Eureka! A Cure for Perfectionism
I have struggled with perfectionism all of my life.
At times it shows up as procrastination. I fill my to-do list with fluff and broadcast to everyone, including myself, how busy I am. The pace of it exhausts me and the pretending makes me feel like a fraud.
Other times, it’s a depression that dodges in and out of my life. A feeling I am not good enough. A suspicion that I’ve run up against the end of my potential.
Both occasions are painful. They drain my creativity and optimism and self-worth.
What’s worse is the demand to hide the pain–the perfectionist, in her struggle to appear perfect, dooms herself to suffer alone.
And yet, I never invested much in trying to solve the problem. I saw perfectionism as both a blessing and a curse. Yes, it brought me low at times, but a part of me believed it was also the magical elixir that powered my best achievements.
It wasn’t until I became a parent that I saw the truly destructive nature of perfectionism.
My daughter’s small body hunched over her Playskool desk. She was two years old and crying. The problem? She was devastated that she couldn’t draw a perfect circle.
How does a two-year-old conceive the concept of perfect? Where had she heard the word? Did it get encoded in her DNA or had I unknowingly infected her with my disease?
I knew I had do something, but despite my best efforts over the years, the problem persisted.
Then, a few months ago, we had a breakthrough that not only helped my daughter break her pattern of perfectionism, but changed my outlook too. Strangely, it never occurred to me that we both had to find a way to heal. I couldn’t “fix” her without also fixing myself.

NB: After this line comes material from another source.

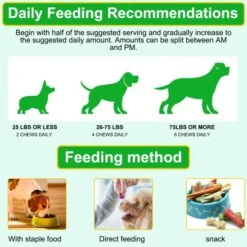 Flea And Tick Prevention For Dogs Chewable Flea And Ticks Treats, 150PCS Dog Flea & Tick Prevention Control Supplement, Flea And Tick Chews For Dogs, Oral Flea Pills For Dogs (Peking Duck Flavor) -Dog Supply Store 51Fvkh9JJSL 1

Maybe a “cure” is too strong a word. We both still struggle. But it’s fair to say our breakthrough has been nothing short of a miracle for us both.
In this short video, I talk about how we eventually became comfortable with risk and, more importantly, with ourselves. It’s a strategy so surprisingly simple, anyone can do it.
Can’t see the video? Click here.
I am passionate about helping overachievers create happy, healthy, productive lives.
But we can’t do that if we don’t talk about the problems and issues most overachievers hide. So I’m starting the conversation. Here’s how you can keep it going:
- Share the video with your favorite perfectionist. Email them a link to the video or share it on your Facebook page.
- Share a story of your own struggle with perfectionism. One of the simplest ways to help those who are suffering is to let them know they’re not alone.
I always thought perfectionism was something you dealt with instead of solved. This latest experiment has led me to believe the cure may be a lot easier than we may think.
Sure, your genes or upbringing may predispose you to thinking, acting, and feeling like a perfectionist.
But as with most things, you don’t have to accept the status quo.
If life is an adventure, and I certainly hope mine continues to be, then there’s no place for perfection.